— Entries provided —
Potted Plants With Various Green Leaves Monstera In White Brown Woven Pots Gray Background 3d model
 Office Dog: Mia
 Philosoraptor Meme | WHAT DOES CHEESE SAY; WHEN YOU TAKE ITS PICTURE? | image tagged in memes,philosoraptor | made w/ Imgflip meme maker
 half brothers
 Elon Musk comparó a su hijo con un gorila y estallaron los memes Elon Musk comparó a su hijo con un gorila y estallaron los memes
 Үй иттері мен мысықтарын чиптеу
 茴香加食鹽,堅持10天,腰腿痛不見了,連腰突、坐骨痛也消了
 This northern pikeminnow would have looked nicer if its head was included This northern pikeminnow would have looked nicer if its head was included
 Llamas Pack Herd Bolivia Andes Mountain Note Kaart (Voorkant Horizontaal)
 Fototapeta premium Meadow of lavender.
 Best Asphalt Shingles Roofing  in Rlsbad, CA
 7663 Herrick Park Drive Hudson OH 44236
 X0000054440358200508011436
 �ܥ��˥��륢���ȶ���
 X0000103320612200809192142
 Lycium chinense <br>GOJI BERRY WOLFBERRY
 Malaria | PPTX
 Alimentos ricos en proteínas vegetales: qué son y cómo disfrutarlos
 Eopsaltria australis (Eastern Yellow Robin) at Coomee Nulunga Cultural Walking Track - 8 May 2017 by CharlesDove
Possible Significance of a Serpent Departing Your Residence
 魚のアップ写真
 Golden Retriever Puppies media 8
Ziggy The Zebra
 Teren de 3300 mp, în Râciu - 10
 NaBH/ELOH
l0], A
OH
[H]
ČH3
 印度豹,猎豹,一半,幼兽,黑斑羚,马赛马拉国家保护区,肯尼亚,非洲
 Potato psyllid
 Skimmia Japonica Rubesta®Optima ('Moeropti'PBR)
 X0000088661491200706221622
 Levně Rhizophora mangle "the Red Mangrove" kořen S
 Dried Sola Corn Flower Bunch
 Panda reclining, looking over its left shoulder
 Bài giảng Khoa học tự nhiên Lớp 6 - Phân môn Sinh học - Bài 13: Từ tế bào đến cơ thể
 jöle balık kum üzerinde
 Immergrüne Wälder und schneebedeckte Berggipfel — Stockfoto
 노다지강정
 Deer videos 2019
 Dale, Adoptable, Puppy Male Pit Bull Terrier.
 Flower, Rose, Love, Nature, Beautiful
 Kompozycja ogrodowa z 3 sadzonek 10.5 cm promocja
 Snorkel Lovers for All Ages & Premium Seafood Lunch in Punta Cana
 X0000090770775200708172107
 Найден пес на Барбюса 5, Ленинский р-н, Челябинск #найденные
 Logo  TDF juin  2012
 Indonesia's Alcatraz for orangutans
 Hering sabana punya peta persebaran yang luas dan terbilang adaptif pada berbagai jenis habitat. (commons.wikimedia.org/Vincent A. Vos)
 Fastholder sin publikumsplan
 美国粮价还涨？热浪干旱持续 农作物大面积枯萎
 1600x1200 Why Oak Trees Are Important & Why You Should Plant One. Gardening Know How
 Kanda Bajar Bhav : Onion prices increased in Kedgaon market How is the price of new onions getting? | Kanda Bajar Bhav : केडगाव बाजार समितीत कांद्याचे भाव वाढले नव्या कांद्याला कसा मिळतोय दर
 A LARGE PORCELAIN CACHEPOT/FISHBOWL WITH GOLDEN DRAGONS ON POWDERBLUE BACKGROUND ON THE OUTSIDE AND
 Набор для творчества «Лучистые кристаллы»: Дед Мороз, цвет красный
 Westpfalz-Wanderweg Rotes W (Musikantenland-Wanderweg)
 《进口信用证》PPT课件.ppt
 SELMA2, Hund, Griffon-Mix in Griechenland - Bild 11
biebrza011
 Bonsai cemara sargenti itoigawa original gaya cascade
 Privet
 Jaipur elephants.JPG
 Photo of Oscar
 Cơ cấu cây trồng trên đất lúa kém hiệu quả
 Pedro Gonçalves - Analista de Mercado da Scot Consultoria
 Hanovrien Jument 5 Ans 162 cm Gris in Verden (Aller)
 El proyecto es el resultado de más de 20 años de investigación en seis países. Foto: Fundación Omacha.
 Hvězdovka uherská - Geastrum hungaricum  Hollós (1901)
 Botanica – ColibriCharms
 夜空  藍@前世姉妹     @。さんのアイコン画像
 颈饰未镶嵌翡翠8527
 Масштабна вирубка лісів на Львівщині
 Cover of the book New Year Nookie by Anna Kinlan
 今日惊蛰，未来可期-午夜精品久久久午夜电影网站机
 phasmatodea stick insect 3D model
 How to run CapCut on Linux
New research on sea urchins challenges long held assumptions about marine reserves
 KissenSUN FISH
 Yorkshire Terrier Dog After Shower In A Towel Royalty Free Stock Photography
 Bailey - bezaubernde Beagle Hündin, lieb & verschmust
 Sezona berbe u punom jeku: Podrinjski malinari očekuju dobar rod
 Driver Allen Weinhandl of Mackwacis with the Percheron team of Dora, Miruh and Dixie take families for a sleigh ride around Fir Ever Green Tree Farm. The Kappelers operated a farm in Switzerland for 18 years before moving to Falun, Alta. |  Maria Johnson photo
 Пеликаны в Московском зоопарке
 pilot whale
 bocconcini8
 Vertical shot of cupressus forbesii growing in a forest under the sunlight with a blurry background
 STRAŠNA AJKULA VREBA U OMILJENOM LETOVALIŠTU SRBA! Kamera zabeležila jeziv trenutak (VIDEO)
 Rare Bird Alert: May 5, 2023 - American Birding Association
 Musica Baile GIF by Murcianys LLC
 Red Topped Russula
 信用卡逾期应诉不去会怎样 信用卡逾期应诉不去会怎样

— About this exercise —
Lines wanted from the listing above: the line with "Llamas Pack Herd" up to and including the line with "Malaria | PPTX". Please write them out exactly, adding nothing else.

— Answer —
 Llamas Pack Herd Bolivia Andes Mountain Note Kaart (Voorkant Horizontaal)
 Fototapeta premium Meadow of lavender.
 Best Asphalt Shingles Roofing  in Rlsbad, CA
 7663 Herrick Park Drive Hudson OH 44236
 X0000054440358200508011436
 �ܥ��˥��륢���ȶ���
 X0000103320612200809192142
 Lycium chinense <br>GOJI BERRY WOLFBERRY
 Malaria | PPTX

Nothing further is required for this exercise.